Use of WeCrest’s Products and Services is granted only to the Customer paying the relevant fee, unless expressly indicated otherwise. Customer’s right to use the Products and Services is not transferable. Customer will use commercially reasonable efforts to prevent unauthorized use of the Products and Services and to terminate any unauthorized use. Customer shall not: (a) provide access to the Products and Services to any third party regardless of whether for free or for payment; (b) provide, sell, resell, lease, or the functional equivalent the Products and Services to a third party regardless of whether for free or for payment; (c) attempt to reverse engineer the Products and Services or any component thereof; (d) attempt to create substitute or similar or any products or services through use of, or access to, the Products and Services regardless of whether for free or for payment; (e) use the Products & Services or any data or results obtained therefrom for any purpose other than the intended purpose of Customer’s own trademark business development regardless of whether for free or for payment. Regardless of any agreements for exclusive use of the Products and Services made with any Customer, WeCrest reserves the right to use the Products and Services for its own purposes at any time.
Customer may provide information or data (“Customer Data” or “Data”) to WeCrest when using the Products and Services. Customer shall obtain all necessary and legally required consent to upload any Data or personal information to the Products and Services. WeCrest shall not use or disclose to a third party any Data uploaded by Customer to the Products and Services without Customer’s consent.

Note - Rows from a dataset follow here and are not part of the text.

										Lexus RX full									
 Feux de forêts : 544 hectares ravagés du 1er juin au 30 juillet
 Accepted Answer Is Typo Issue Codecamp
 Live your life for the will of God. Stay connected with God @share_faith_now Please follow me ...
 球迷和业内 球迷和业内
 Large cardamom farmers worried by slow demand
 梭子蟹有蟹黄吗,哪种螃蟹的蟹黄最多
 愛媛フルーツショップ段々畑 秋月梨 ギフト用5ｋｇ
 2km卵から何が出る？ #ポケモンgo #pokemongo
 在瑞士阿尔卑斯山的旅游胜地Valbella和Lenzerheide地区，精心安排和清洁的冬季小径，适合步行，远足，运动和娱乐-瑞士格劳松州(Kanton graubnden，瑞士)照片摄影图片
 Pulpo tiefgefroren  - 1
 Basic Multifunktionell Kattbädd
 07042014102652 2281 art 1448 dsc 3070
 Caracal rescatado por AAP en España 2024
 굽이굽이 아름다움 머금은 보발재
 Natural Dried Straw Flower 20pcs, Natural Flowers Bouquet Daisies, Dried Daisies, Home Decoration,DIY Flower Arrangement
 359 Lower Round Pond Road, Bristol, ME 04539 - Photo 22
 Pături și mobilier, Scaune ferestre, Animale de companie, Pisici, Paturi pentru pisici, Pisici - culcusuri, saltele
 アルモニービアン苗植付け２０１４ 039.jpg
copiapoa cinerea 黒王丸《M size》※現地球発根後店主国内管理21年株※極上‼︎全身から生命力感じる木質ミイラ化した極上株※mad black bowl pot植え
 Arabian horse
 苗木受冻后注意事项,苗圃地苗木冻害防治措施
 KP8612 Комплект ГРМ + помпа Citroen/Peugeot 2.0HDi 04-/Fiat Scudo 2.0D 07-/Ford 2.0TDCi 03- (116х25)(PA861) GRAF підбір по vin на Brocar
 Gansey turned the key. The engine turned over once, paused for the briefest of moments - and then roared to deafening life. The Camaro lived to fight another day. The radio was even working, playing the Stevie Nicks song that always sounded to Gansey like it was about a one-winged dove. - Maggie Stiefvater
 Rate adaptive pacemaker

WeCrest reserves all rights in the Products and Services in respect of copyright, patent rights, database rights, trademark rights, or other intellectual property rights. Customer shall implement actions as may be reasonably required to assist WeCrest in taking or defending against any legal proceedings in relation to any infringement of such rights.
WeCrest reserves the right to limit the number of Customers per country or jurisdiction that are able to use the Products and Services. These numbers may be published on the WeCrest Website and WeCrest reserves the right to change (decrease or increase) such numbers at its discretion.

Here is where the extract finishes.